The only reporter with a bona fide claim for a Pulitzer Prize in all this mess is Walter Pincus, a veteran Washington Post reporter, whose stories from that period stand the test of history. He reported that veteran intelligence officials below the political appointees disproved much of the bunk being put out by the administration and doubted the rest. His stories typically ran on page 17A.
The Times and Post stories and the reinforcing editorials in these purportedly “liberal” establishment newspapers were vital in the drive for war. They provided a sort of circular cover for the president and the hawks in the administration.

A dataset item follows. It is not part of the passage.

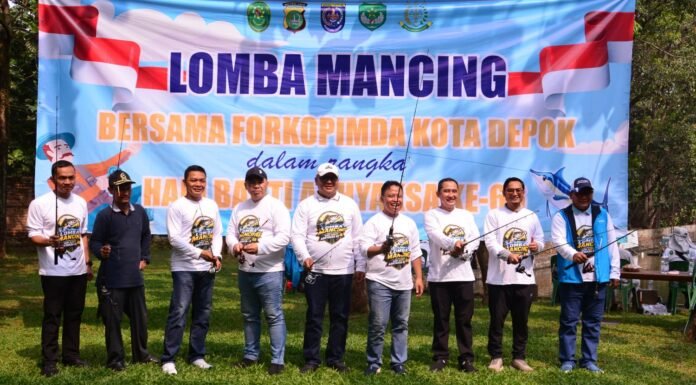 Sinergitas Tanpa Batas, Forkopimda Depok Gelar Lomba Mancing Peringati Hari Bhakti Adhyaksa ke-66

In one typical news cycle, the administration leaked damning evidence that Iraq was acquiring materials for nuclear bombs to Judith Miller, who reported it breathlessly on the front page of The New York Times. On Meet the Press later in the day, Vice President Cheney said “we do know with absolute certainty” that Saddam was procuring nuclear weapons material and he cited the Times as independent verification. “There’s a story in the New York Times this morning. . .and I want to attribute it to the Times,” he said. If Bush and the New York Times were on the same page, who could question it? Everything he and the Times reported that day turned out to be bunk.
The Times’ apologia mentioned the piece and lamented that the article had buried reference to some doubts about the information 1,700 words deep into the story and that the paper had buried on age 17A a follow-up story weeks later that cast serious doubts on it.
The paper only hints weakly at a systemic cause for its failings on the most important story of our time: the reporters’ relationship with officialdom and the newspaper’s unwholesome respect for official authority. It said it should be more questioning of official sources and that it would try to be in the future. The Times has won more than one undeserved Pulitzer for passing on garbage that it should have questioned.
A couple of years ago the Times had to write a similar mea culpa, this one even more indirect, for its deeply flawed coverage of the alleged conspiracy to pass along nuclear secrets to China. It should have written another one, along with the Washington Post, for their breathless reporting of Whitewater scandals, generally phony leaks from the special prosecutor’s office and from older discredited sources. But they were after more Pulitzer Prizes.
That is the other lesson from this tragedy that again will not be learned. The American media’s insatiable thirst for awards and self-congratulation is not only corrupting but it can cost lives and the country’s honor.